• [WHAT THE TASK REQUIRES]: Would you please print the data a second time, exactly as it stands?

(Data extracted from a collection)
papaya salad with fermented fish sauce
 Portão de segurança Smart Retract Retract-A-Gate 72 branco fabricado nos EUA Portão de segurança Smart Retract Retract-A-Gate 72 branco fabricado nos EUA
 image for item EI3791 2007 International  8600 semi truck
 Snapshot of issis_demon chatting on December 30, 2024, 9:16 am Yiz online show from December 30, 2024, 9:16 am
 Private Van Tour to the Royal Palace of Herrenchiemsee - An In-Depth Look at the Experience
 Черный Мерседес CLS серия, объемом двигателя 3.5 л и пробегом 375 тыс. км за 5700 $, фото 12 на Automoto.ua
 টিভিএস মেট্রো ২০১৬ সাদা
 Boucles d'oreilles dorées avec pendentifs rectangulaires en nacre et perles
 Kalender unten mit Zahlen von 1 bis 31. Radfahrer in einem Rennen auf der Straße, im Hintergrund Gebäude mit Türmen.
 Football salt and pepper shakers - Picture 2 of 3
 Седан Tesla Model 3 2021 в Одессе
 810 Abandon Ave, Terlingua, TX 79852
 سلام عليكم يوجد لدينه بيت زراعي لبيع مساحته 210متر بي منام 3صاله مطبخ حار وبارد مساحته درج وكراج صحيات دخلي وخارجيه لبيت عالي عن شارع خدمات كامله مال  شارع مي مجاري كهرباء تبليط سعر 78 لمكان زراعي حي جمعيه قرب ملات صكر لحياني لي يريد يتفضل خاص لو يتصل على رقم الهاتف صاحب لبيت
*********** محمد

• [ANSWER TO THIS EXERCISE]:
papaya salad with fermented fish sauce
 Portão de segurança Smart Retract Retract-A-Gate 72 branco fabricado nos EUA Portão de segurança Smart Retract Retract-A-Gate 72 branco fabricado nos EUA
 image for item EI3791 2007 International  8600 semi truck
 Snapshot of issis_demon chatting on December 30, 2024, 9:16 am Yiz online show from December 30, 2024, 9:16 am
 Private Van Tour to the Royal Palace of Herrenchiemsee - An In-Depth Look at the Experience
 Черный Мерседес CLS серия, объемом двигателя 3.5 л и пробегом 375 тыс. км за 5700 $, фото 12 на Automoto.ua
 টিভিএস মেট্রো ২০১৬ সাদা
 Boucles d'oreilles dorées avec pendentifs rectangulaires en nacre et perles
 Kalender unten mit Zahlen von 1 bis 31. Radfahrer in einem Rennen auf der Straße, im Hintergrund Gebäude mit Türmen.
 Football salt and pepper shakers - Picture 2 of 3
 Седан Tesla Model 3 2021 в Одессе
 810 Abandon Ave, Terlingua, TX 79852
 سلام عليكم يوجد لدينه بيت زراعي لبيع مساحته 210متر بي منام 3صاله مطبخ حار وبارد مساحته درج وكراج صحيات دخلي وخارجيه لبيت عالي عن شارع خدمات كامله مال  شارع مي مجاري كهرباء تبليط سعر 78 لمكان زراعي حي جمعيه قرب ملات صكر لحياني لي يريد يتفضل خاص لو يتصل على رقم الهاتف صاحب لبيت
*********** محمد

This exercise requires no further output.